| Exercise description |
Return the whole listing, line for line, without the pictures in it.

| Data below |
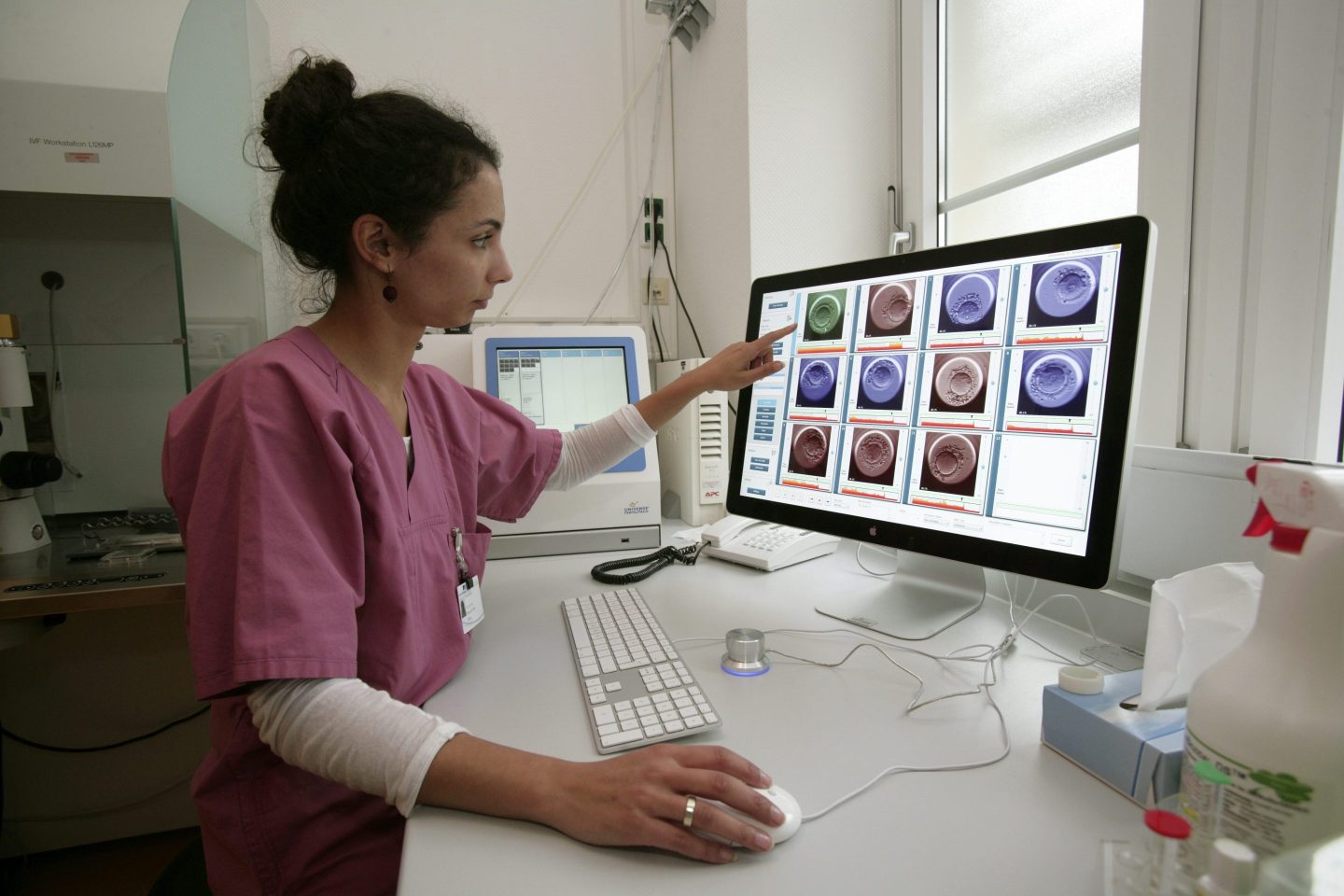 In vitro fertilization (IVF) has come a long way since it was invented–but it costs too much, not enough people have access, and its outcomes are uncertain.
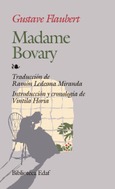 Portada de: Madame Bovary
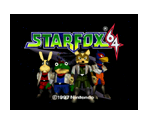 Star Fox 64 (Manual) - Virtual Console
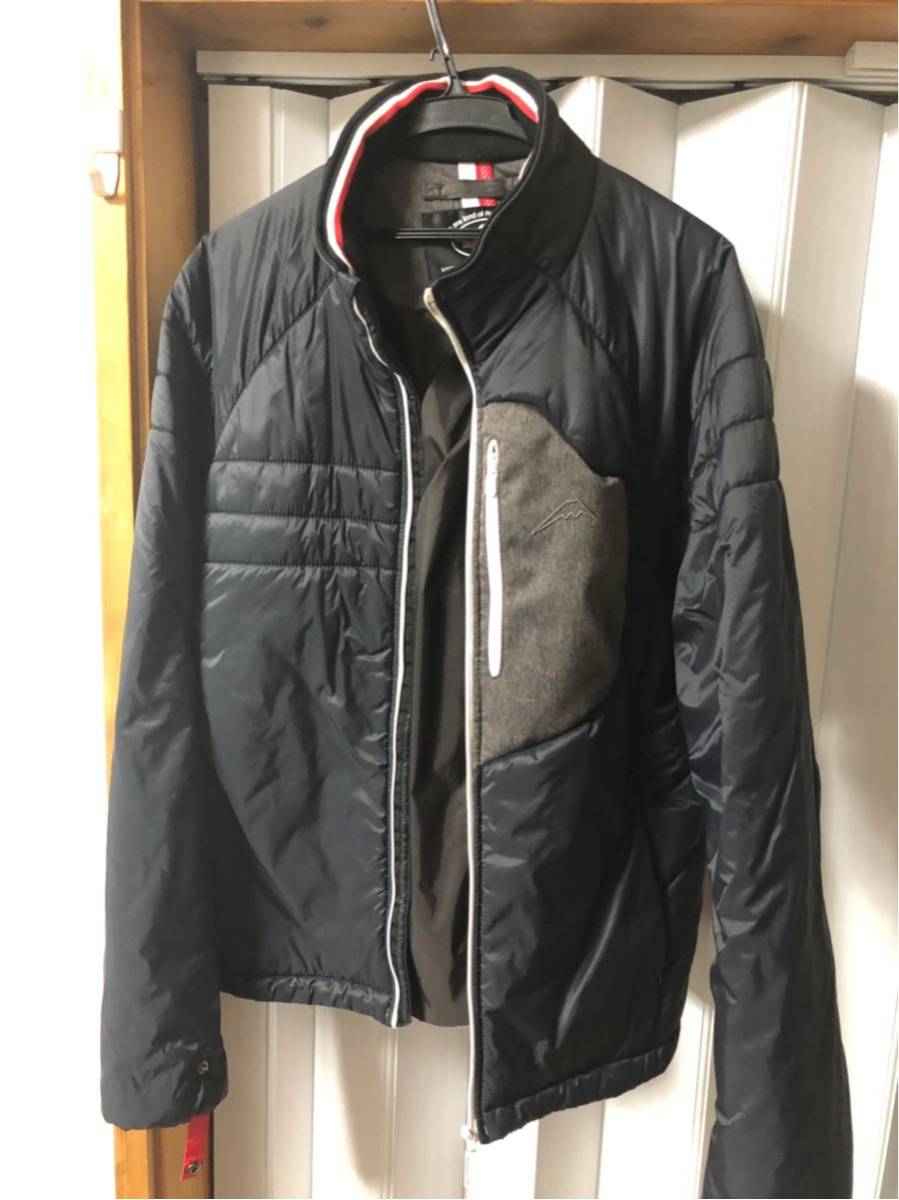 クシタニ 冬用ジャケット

| Your solution |
 In vitro fertilization (IVF) has come a long way since it was invented–but it costs too much, not enough people have access, and its outcomes are uncertain.
 Portada de: Madame Bovary
 Star Fox 64 (Manual) - Virtual Console
 クシタニ 冬用ジャケット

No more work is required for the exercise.